Hal ini nampak, misalnya, sebab adanya relasi yang baik antara Sunan Ampel dan Raja Majapahit, membuat Sunan Ampel mendapat izin dari raja untuk menetap di Ampel. Sebuah momentum penting yang membuat Sunan Ampel dapat mengembangkan Islam di wilayah pesisir utara Jawa, hingga kemudian ke berbagai penjuru Jawa.
Namun demikian, terjalinnya hubungan baik antara para wali dan penguasa Majapahit, tidak hanya sebab dari konsolidasi para wali itu sendiri. Melainkan, juga tidak lepas dari pengaruh istri Raja Majapahit, dalam hal ini Putri Dwarawati, yang telah beragama Islam.
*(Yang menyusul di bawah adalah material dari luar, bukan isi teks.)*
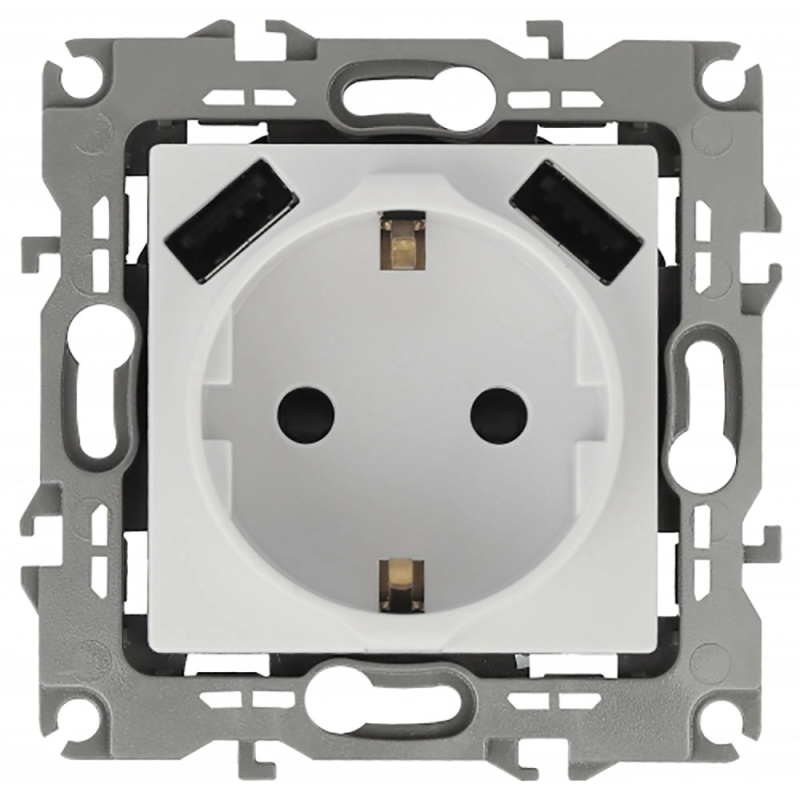 Розетка Эра Elegance 2P+E 16A-250В с защитной шторкой и 2xUSB 5В-3А 14-4109-01 Б0047867 в Санкт-Петербурге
Kita dapat melihat pentingnya posisi Putri Dwarawati, dalam penyebaran Islam di Jawa, dari motif rombongan Sunan Ampel yang datang dari Champa ke Majapahit.
Mengapa target mereka harus pergi ke Kutaraja Majapahit? Sebab, di situ telah ada Putri Dwarawati. Sehingga, pengaruh sang putri Champa di keraton dapat membuka ruang dakwah para wali di tanah Jawa. Itulah sebabnya salah satu motif kedatangan rombongan Sunan Ampel adalah untuk menemui bibinya, Putri Dwarawati.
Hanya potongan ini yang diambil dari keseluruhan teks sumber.